**EXERCISE REQUIREMENTS**
Produce an exact copy of the first line of the data below and each line after it, please, up to and including the one with "hole-in-the-wall-espresso-bar-cafe-port-road-hindmarsh-6".
(SUPPLIED DATA begins)
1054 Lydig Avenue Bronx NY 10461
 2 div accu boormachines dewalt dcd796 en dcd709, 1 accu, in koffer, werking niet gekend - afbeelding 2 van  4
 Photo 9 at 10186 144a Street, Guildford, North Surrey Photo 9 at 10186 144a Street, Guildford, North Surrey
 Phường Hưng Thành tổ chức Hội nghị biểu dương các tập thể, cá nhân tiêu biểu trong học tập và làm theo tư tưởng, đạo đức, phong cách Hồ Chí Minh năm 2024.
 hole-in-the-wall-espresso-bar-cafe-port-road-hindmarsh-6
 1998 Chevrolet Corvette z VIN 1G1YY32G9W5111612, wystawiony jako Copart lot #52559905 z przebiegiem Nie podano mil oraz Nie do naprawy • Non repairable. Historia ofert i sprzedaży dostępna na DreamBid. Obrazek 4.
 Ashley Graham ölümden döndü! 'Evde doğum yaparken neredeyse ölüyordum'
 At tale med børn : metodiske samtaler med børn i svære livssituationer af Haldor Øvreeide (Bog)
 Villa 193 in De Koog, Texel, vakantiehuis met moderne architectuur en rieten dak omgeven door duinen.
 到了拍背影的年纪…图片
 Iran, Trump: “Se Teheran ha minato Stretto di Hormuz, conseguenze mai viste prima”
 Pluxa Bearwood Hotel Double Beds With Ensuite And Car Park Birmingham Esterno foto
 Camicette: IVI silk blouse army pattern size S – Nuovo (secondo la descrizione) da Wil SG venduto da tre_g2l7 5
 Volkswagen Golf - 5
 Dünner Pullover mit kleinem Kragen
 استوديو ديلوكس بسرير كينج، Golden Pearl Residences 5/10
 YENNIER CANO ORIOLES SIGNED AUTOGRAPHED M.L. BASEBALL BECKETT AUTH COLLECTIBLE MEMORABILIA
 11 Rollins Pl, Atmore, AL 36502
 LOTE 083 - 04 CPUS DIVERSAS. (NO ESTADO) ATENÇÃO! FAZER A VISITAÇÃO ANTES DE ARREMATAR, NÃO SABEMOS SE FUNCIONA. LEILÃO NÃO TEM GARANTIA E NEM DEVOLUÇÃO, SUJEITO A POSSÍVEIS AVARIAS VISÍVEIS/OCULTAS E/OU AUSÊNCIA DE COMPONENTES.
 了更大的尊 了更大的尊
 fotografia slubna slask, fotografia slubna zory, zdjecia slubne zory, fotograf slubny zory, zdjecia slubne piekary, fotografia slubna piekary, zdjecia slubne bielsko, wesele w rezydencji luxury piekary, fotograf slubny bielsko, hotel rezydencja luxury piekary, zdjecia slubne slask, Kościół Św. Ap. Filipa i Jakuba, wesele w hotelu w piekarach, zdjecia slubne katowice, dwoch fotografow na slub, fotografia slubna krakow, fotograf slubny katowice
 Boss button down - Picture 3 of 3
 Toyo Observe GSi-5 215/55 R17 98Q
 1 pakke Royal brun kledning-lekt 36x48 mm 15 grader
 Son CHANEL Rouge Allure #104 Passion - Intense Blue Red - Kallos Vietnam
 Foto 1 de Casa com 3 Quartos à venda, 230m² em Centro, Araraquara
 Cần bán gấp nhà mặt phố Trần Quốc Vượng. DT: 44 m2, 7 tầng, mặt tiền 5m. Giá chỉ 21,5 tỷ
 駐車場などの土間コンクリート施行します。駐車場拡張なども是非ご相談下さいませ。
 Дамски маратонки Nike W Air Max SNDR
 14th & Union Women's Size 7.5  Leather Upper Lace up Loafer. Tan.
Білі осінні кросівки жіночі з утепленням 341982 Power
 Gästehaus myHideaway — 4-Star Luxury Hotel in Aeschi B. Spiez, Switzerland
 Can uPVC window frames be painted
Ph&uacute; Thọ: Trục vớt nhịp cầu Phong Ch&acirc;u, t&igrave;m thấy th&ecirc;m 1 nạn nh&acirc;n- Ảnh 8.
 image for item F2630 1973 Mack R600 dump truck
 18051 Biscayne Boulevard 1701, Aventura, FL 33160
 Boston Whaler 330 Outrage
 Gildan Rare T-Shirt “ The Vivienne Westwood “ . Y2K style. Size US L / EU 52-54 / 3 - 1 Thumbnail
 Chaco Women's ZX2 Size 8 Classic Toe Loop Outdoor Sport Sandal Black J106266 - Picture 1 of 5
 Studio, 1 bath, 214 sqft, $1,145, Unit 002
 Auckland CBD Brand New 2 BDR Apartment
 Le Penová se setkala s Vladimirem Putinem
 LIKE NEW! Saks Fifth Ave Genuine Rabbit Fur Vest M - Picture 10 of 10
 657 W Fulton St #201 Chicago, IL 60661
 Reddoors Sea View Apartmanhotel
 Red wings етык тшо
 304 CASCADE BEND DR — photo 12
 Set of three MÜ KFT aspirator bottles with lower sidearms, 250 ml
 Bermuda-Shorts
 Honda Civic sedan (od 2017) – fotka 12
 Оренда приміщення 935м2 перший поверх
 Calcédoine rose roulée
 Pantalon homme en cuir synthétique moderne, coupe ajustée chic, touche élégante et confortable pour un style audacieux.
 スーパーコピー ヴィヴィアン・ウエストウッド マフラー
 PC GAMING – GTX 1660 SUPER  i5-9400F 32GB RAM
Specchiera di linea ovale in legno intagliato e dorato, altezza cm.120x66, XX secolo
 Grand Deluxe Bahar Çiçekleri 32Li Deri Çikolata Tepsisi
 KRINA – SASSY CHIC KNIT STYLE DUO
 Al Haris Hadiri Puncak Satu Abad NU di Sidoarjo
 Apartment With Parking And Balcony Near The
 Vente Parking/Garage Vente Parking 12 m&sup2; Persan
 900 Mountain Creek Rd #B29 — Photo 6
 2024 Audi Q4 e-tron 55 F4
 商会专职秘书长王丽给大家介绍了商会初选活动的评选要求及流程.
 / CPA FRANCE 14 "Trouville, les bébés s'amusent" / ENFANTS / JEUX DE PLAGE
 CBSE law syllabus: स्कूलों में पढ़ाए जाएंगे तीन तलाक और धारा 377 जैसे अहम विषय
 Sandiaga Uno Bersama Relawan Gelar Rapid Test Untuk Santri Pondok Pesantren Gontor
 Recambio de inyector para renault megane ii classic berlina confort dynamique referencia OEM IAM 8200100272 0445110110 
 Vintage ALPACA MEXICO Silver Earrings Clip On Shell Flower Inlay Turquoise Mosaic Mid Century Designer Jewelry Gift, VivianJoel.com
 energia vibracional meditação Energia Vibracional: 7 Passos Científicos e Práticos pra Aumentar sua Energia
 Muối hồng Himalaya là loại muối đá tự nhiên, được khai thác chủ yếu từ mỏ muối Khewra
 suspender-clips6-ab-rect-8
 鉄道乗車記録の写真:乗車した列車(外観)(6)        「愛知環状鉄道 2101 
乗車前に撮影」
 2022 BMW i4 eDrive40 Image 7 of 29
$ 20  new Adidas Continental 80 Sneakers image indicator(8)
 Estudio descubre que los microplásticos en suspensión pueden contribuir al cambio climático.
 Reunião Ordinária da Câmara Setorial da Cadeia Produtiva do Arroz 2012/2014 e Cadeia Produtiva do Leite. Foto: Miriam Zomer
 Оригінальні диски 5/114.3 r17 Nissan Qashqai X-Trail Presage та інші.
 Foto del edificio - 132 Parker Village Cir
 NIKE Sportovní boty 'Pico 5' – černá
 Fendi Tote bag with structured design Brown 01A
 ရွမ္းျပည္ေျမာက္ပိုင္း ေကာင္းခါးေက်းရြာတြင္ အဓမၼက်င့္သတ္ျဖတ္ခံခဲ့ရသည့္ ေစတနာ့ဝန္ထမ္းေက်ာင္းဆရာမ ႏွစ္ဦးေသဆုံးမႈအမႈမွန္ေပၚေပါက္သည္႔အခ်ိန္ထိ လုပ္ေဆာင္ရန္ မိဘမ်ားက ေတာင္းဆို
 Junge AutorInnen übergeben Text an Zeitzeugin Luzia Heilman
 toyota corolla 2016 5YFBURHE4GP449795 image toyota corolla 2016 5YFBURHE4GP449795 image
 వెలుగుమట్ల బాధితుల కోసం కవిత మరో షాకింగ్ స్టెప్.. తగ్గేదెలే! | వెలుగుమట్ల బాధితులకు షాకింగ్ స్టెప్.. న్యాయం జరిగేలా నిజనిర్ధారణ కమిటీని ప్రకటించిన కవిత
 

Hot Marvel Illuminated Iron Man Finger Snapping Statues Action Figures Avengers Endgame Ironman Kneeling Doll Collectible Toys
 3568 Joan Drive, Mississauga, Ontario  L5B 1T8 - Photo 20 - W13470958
(SUPPLIED DATA ends)
**PROBLEM SOLUTION**
1054 Lydig Avenue Bronx NY 10461
 2 div accu boormachines dewalt dcd796 en dcd709, 1 accu, in koffer, werking niet gekend - afbeelding 2 van  4
 Photo 9 at 10186 144a Street, Guildford, North Surrey Photo 9 at 10186 144a Street, Guildford, North Surrey
 Phường Hưng Thành tổ chức Hội nghị biểu dương các tập thể, cá nhân tiêu biểu trong học tập và làm theo tư tưởng, đạo đức, phong cách Hồ Chí Minh năm 2024.
 hole-in-the-wall-espresso-bar-cafe-port-road-hindmarsh-6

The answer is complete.